In April 2011, my organization from Bangladesh signed a contract with Khan Academy and their partners, Agami from the U.S. to translate and localize their education content in Bangladesh. It took nearly seven months to finalize the deal, meticulously reviewing the requirements, capacity to execute and leadership of the contract. A social enterprise working in capacity building through education and technology, this contract was the first of its kind for my team. It would open new doors and provide us with worldwide exposure to like-minded communities. I was thrilled to receive the contract and lead the project.

In the months following this event, my organization was heavily criticized by the local civil society and technology firms. Khan Academy is an internationally recognized ed-tech company, and while my organization had experience with deploying scalable education programs, we had not worked with a technology company before. We did not plan on onboarding a technology partner either. We were called out for our inexperience, our decision to manage the production internally and our recruitment of college students in important positions. I was singled out as an ‘incompetent leader’, targeted by peers and competitors as ‘the woman who did not write a single line of code’ and ‘guaranteed to fail’.
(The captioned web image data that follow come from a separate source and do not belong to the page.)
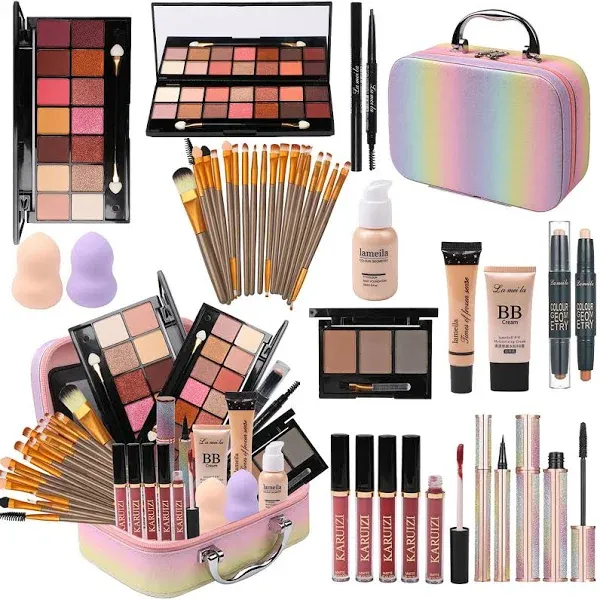 MTDXILTAI Makeup Set for Girls, Rainbow Makeup Kit, Beauty Boxes with Brushes and Cosmetics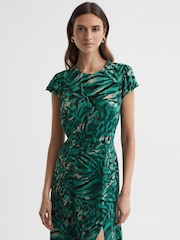 Reiss Green Livia Printed Cut Out Fitted Midi Dress - Image 3 of 4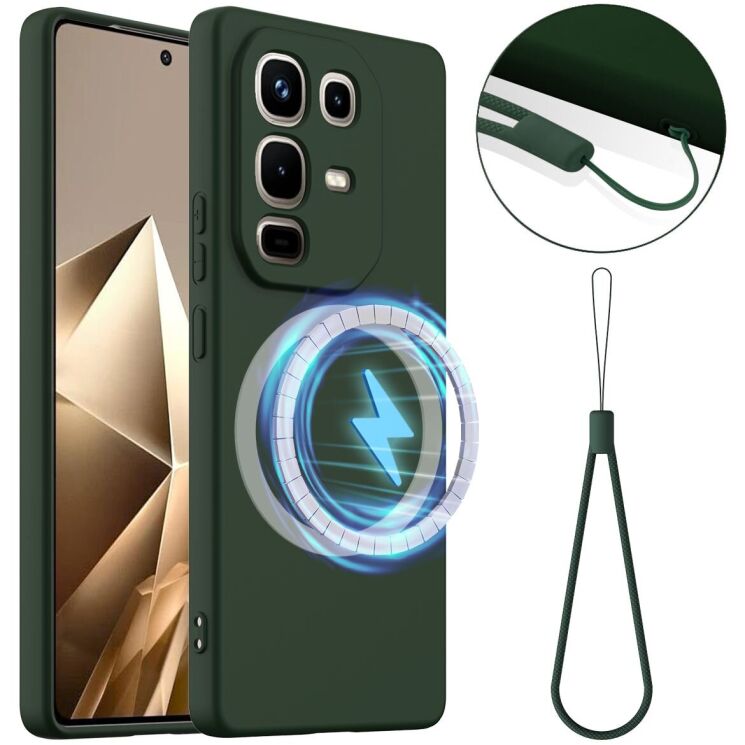 Защитный чехол Deexe Silicone Case with MagSafe для Infinix Note 50 / Note 50 Pro - Dark Green: фото 1 из 8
In a nutshell, after 17 months of grueling work hours, we successfully submitted our content, and received accolades for high-quality and seamless production. Since then, my organization has gone on to signing contracts and building partnerships with Google and Startup Weekend. My curiosity and experience in working at the intersection of technology and education grew over time; although in hindsight, I had always felt slightly nervous. I was not trained as a technology professional and any number of things can go wrong in a project that may be beyond my experiential knowledge. In spite of our success, I was publicly scrutinized for my lack of programming experience or engineering education. The criticism sometimes left me unsure of my own ability to lead technology products to market.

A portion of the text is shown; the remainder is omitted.